New Jersey Gov. Chris Christie enters the Borough Hall in Fort Lee to apologize to Mayor Mark Sokolich on January 9, 2014 in Fort Lee, New Jersey. (Photo by Spencer Platt/Getty)
Randy Mastro can’t resist a good political fight.
The Gibson, Dunn & Crutcher partner and former New York City deputy mayor has been hired to advise New Jersey Gov. Chris Christie in connection with the ongoing fallout from last fall’s closing of toll lanes leading to the George Washington Bridge.
Christie’s office announced Thursday that Mastro will lead a Gibson Dunn team hired to assist with an internal review of the events surrounding the four-day traffic snarl that plagued suburban Fort Lee as a result of the lane closings. Since the simmering controversy erupted into a full-blown scandal last week with the release of hundreds of pages of documents related to the bridge incident, four people close to the Republican governor have either resigned or been fired amid revelations that they may taken part in a scheme to deliberately shut the lanes down to punish Fort Lee’s Democratic mayor.
Gibson Dunn will also assist the Christie administration with a separate investigation that local U.S. attorney Paul Fishman is conducting into the bridge matter, the release said.
“Their presence will bring an outside, third-party perspective to the situation, and they will be a valuable asset as we move forward,” a Christie spokesman said in a statement. “This administration is committed to ensuring that what happened here never happens again. That’s what the people of New Jersey deserve.”
Mastro did not return requests for comment Thursday, nor did a Gibson Dunn spokeswoman.
Gibson Dunn is the second Am Law 100 firm to take a role in what could prove to be a politically damaging episode for Christie, who is widely considered a leading contender for the Republican presidential nomination in 2016. On Wednesday, Jenner & Block partner Reid Schar—himself a former federal prosecutor whose credentials include leading the prosecution of former Illinois Gov. Rod Blogojevich—was hired to serve as ouside counsel to a New Jersey General Assembly committee conducting its own investigation into the bridge matter.

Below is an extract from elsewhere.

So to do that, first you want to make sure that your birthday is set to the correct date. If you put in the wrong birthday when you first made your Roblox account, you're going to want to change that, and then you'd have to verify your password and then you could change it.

By bringing in a Gibson Dunn team, and Mastro in particular, Christie is adding considerable litigation muscle. The firm was named a finalist in both the general litigation and antitrust categories of The American Lawyer’s most recent Litigation Department of the Year contest after winning the general litigation title the previous two times.
Mastro’s workload of late has included representing Chevron Corp. as it tries to upend an Ecuadorian court’s $9.5 billion judgment against the oil giant for its contamination of a swath of the South American country’s rainforest. In his coverage of the federal fraud and extortion trial that pitted Chevron against Steven Donziger, the lawyer for the Ecuadorian plaintiffs, The American Lawyer’s Michael Goldhaber called the proceedings “a rout” in favor of Chevron. In reaching that conclusion, Goldhaber pointed specifically to Mastro’s blistering examination of the Ecuadorian judge who issued the opinion in the underlying case.
As The Am Law Daily has previously reported, in the 16 years since he left New York Mayor Rudy Giuliani’s administration and returned to Gibson Dunn, Mastro has frequently thrown himself into the political fray, usually in opposition to government entities. Mastro, along with Gibson Dunn partner Jim Walden, another former federal prosecutor, have often sued New York agencies as part of the firm’s so-called good government pro bono practice.
Most recently, Mastro celebrated a judge’s decision to block half of a massive expansion of New York University on the grounds that then-Mayor Michael Bloomberg did not obtain the state legislature’s approval before ceding control of three small public parks to the school. Gibson Dunn has represented community groups and a university coalition that filed a suit last fall against the city’s transportation department, parks department, planning commission, and several other agencies (NYU says the ruling won’t stop it from beginning construction on its largest planned new building).
Mastro’s political allegiances often straddle both sides of a race. Last year, he contributed to the campaigns of several New York Democrats—including newly installed Mayor Bill de Blasio, mayoral hopeful Bill Thompson, and new public advocate Letitia James—and Republican mayoral candidate Joseph Lhota, Mastro’s successor as Giuliani’s deputy mayor for operations.
Mastro has not contributed to any recent political campaigns on the other side of the Hudson River, according to a search of New Jersey state finance records.